» **YOUR ASSIGNMENT**
From the material below, copy exactly the lines beginning with the one that contains "На Волині рідні" and ending with the one that contains "管道试压试验资料下载-就在刚才，黑龙江盾构首条隧道管道试压完工"; the pictures stay out.

» **SOURCE MATERIAL**
⟨
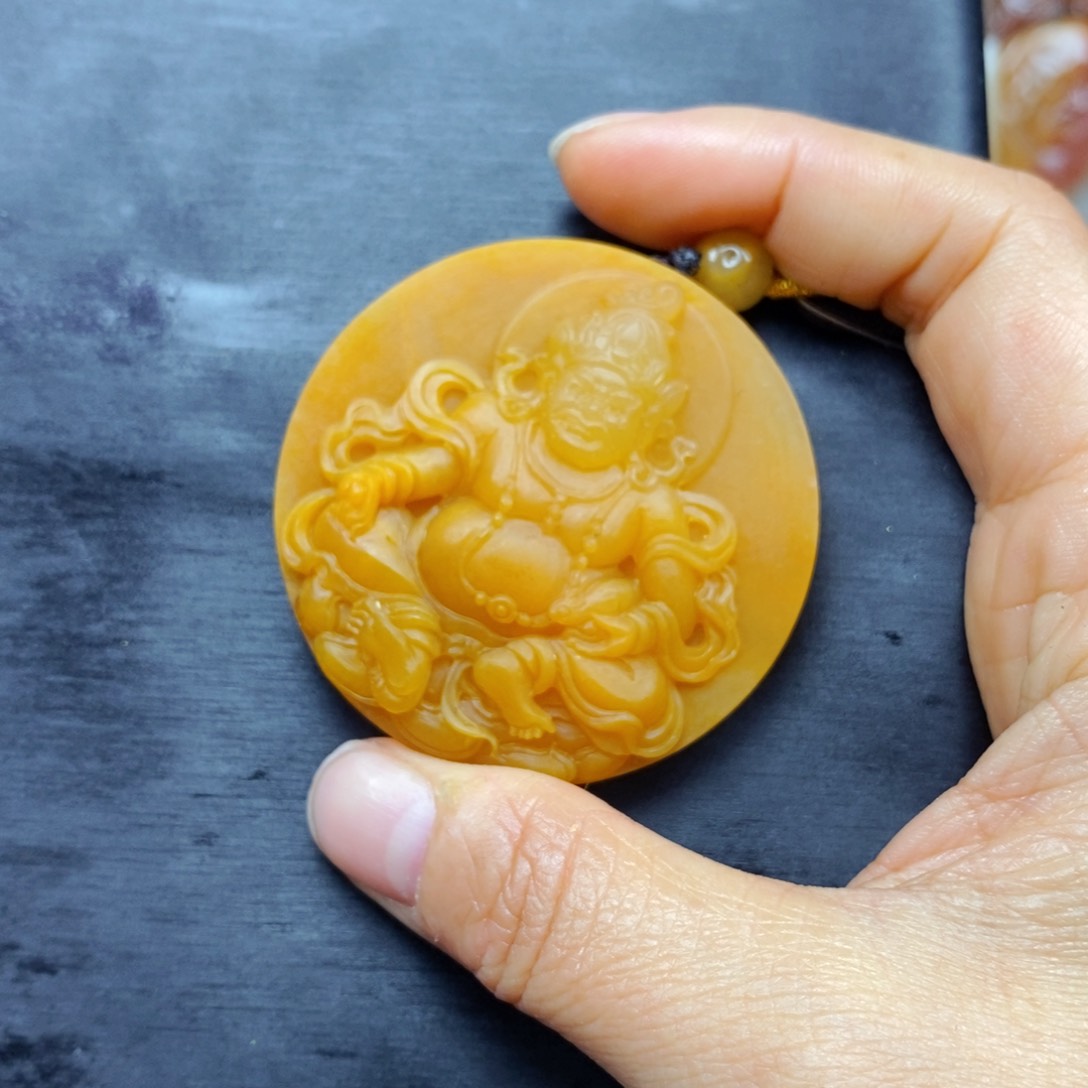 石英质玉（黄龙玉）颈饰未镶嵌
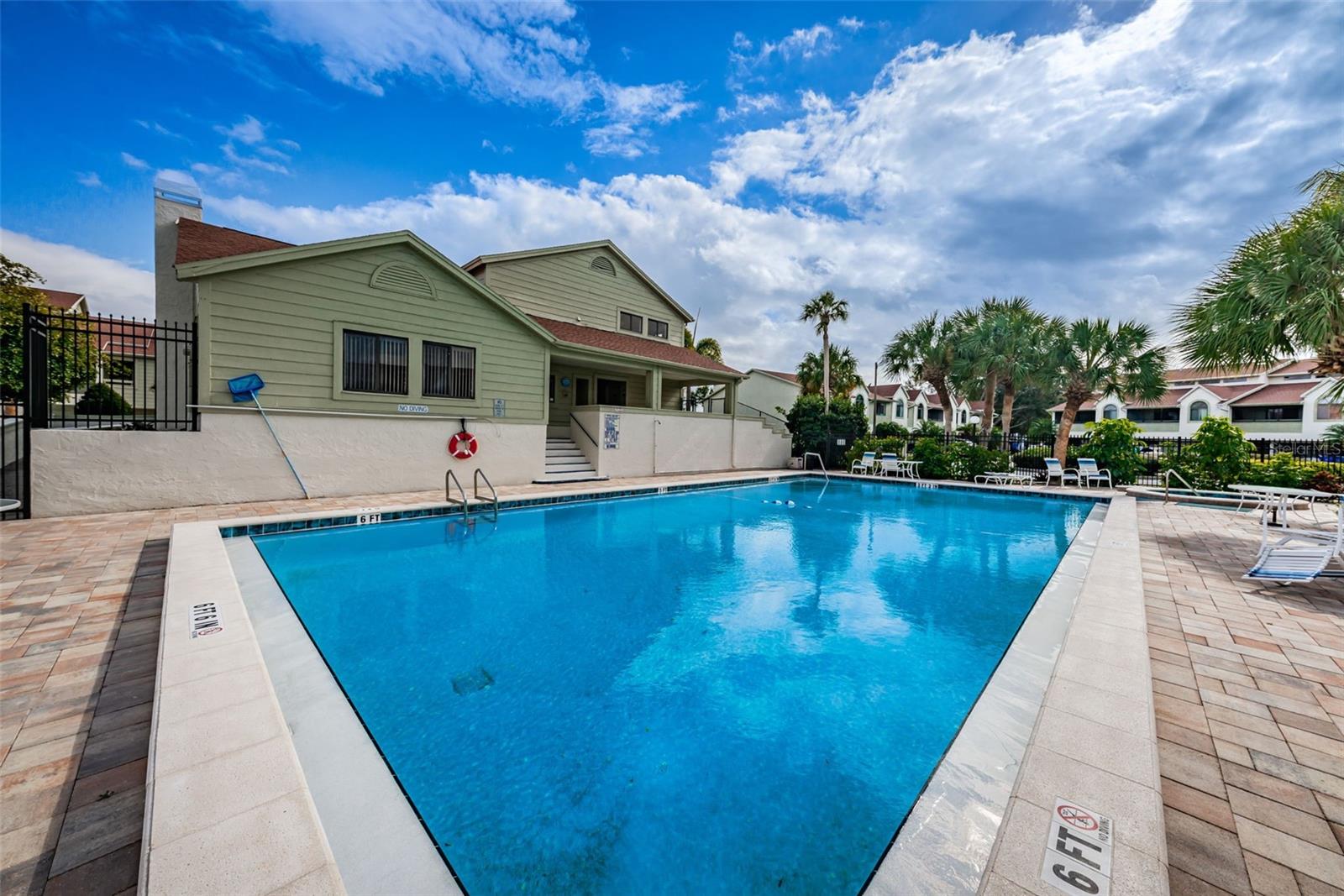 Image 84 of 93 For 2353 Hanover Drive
⟩
⟨
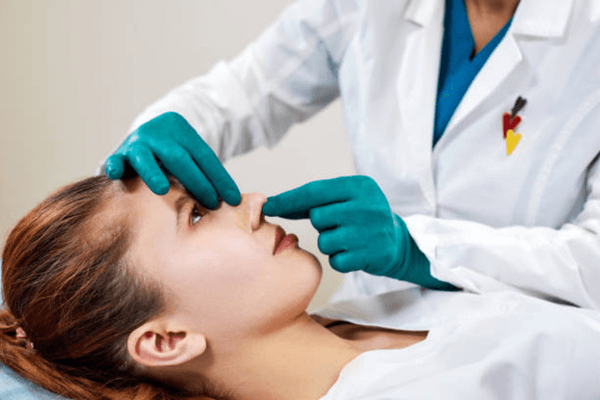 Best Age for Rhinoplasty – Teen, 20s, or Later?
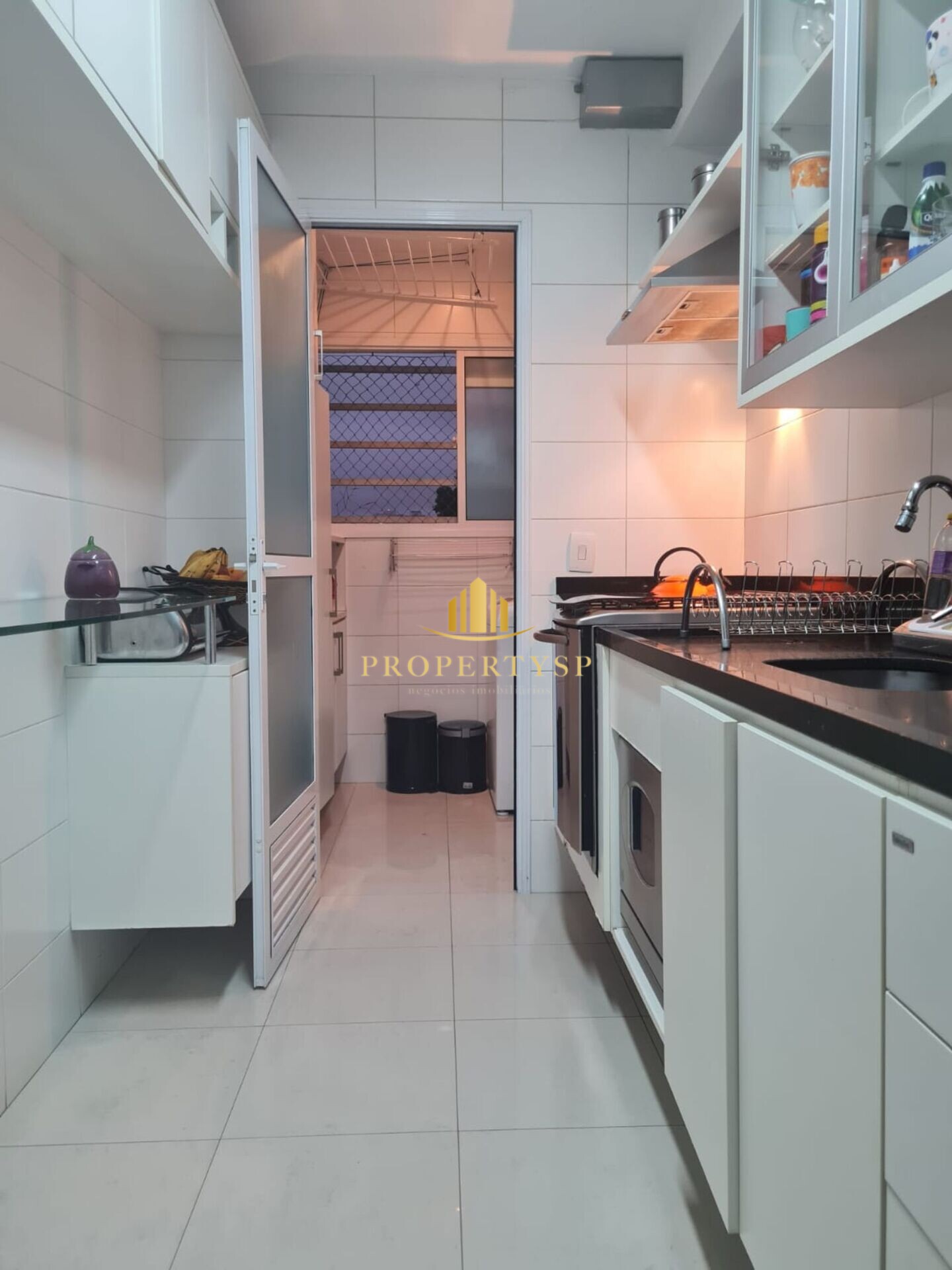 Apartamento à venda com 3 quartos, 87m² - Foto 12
⟩
⟨
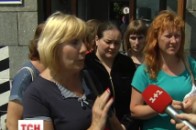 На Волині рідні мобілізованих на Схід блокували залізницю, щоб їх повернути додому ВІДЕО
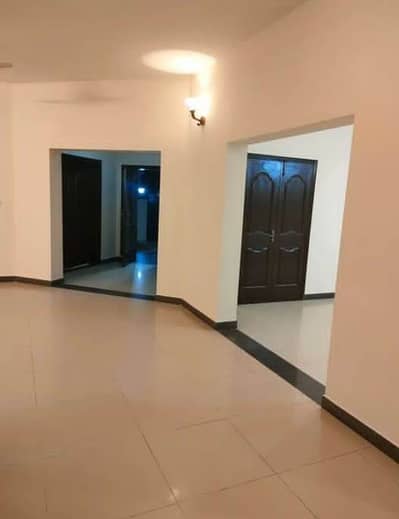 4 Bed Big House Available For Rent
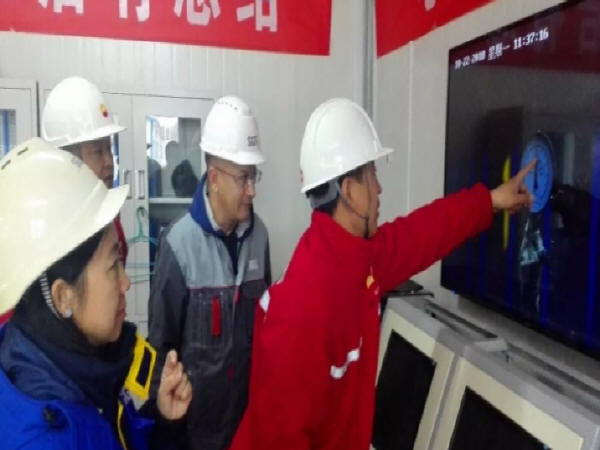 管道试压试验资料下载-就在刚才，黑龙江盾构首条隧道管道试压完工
⟩
» **TASK RESPONSE**
 На Волині рідні мобілізованих на Схід блокували залізницю, щоб їх повернути додому ВІДЕО
 4 Bed Big House Available For Rent
 管道试压试验资料下载-就在刚才，黑龙江盾构首条隧道管道试压完工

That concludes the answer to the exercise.